As of yet, neither India nor Indonesia have made COVID‐19 vaccination part of routine antenatal care. In India, the decision to opt‐in for vaccination is left to the pregnant woman after informing her about the pros and cons of vaccination. 11 While this approach may be acceptable for countries where the incidence and effects of COVID‐19 and/or maternal and child mortality are less prevalent, in countries like India and Indonesia, COVID‐19 vaccination should be part of routine antenatal care protocols.

The authors of the present study welcome this bold decision and commend the governments of India and Indonesia for taking this timely step. In order to protect all pregnant women and their newborns, we call for inclusion of COVID‐19 vaccination as a part of routine antenatal care. Such a step will help to improve antenatal coverage, of which rates have slipped during the pandemic, and also help newborns, thus contributing to and improving the unfinished child survival revolution occurring in large parts of the world.

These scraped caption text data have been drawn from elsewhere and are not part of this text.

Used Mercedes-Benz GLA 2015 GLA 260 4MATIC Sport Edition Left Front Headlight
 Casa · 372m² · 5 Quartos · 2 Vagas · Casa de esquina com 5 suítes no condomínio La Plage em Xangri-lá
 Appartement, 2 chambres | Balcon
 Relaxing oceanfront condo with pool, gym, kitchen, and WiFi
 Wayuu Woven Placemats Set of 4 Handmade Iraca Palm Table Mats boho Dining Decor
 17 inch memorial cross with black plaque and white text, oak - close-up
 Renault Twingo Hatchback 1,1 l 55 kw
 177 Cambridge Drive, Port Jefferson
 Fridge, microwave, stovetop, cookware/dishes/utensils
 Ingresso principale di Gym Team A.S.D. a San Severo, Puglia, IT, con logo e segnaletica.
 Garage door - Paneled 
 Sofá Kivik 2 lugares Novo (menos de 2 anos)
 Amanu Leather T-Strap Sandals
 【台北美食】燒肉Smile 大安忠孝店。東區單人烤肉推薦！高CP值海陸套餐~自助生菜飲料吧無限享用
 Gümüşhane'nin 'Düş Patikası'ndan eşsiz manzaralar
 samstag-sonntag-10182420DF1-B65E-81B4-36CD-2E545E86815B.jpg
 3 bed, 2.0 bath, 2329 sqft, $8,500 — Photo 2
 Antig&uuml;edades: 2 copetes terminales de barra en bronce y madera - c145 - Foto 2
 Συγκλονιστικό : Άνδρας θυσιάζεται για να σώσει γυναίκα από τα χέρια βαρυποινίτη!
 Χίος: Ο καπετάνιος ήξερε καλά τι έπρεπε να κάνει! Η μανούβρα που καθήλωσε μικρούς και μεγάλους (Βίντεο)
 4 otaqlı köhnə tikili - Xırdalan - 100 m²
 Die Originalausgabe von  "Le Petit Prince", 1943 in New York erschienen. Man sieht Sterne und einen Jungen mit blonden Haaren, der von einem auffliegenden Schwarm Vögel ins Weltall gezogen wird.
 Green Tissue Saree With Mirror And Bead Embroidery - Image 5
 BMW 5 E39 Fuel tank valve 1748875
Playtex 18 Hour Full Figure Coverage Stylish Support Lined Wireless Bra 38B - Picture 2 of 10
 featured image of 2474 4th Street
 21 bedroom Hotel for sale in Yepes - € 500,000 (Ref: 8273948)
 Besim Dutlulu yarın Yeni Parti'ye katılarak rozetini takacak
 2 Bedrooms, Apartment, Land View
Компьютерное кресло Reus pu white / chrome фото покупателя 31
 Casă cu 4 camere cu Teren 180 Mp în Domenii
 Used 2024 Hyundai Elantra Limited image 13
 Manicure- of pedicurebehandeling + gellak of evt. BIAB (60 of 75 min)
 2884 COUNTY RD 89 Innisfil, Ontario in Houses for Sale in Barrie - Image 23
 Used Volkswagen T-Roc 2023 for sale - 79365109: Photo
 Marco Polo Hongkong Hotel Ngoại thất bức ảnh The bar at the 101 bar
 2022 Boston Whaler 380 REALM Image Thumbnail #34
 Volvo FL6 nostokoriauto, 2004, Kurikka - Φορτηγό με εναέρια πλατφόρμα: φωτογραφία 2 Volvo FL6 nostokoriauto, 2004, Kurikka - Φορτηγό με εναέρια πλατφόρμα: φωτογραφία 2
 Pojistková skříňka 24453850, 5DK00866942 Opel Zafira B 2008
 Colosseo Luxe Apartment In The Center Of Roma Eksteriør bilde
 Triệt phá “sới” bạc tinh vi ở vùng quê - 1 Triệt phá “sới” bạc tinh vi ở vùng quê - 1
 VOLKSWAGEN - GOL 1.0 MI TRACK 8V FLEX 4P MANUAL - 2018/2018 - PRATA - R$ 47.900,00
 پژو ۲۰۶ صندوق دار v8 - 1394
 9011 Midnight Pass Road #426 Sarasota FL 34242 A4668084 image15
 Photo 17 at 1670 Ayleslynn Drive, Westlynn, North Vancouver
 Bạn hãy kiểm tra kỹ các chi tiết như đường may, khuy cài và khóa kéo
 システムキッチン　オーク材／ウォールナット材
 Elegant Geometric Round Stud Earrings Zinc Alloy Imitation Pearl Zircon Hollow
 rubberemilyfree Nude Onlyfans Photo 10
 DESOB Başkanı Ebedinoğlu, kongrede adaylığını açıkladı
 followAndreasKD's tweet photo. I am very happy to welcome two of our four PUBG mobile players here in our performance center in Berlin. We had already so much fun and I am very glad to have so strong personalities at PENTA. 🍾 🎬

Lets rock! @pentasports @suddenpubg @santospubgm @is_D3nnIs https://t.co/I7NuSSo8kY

A close vigilance on the adverse effects of COVID‐19 vaccinations in pregnant women should be established to take more precise decisions on the best time for vaccination and the optimal interval duration between two doses. A national vaccine tracking platform should be tailored to track pregnant women, especially for the purposes of looking out for any side effects which are experienced by mothers and/or their children.

A total of 30 736 pregnant women die every year in India (birth rate of 20, maternal mortality ratio (MMR) of 113). Of the cumulative 399 000 deaths due to COVID‐19 in India from February 2020 to June 2021, it is reasonable to assume that 2% of this total (approximately 8000) were pregnant women, comprising one fifth of usual maternal deaths. The recent decision on allowing vaccination of pregnant women, along with its zealous implementation, will help track any rise in the incidence of maternal mortality in India—for instance, the Ebola epidemic in Africa lead to a 75% increase in maternal mortality across various countries. 10

The decision to allow vaccination of pregnant women against COVID‐19 is a step towards achieving target 3.1 of the Sustainable Development Goals, which aims to reduce the global MMR to <70 per 100 000 live births.

CONFLICTS OF INTEREST

The authors have no conflicts of interest.

AUTHOR CONTRIBUTIONS

YS and RS together conceptualized the idea. YS and TS searched the literature and wrote the original draft. RS edited the draft and gave final shape to the manuscript. All authors contributed to and approved of the final version of the manuscript.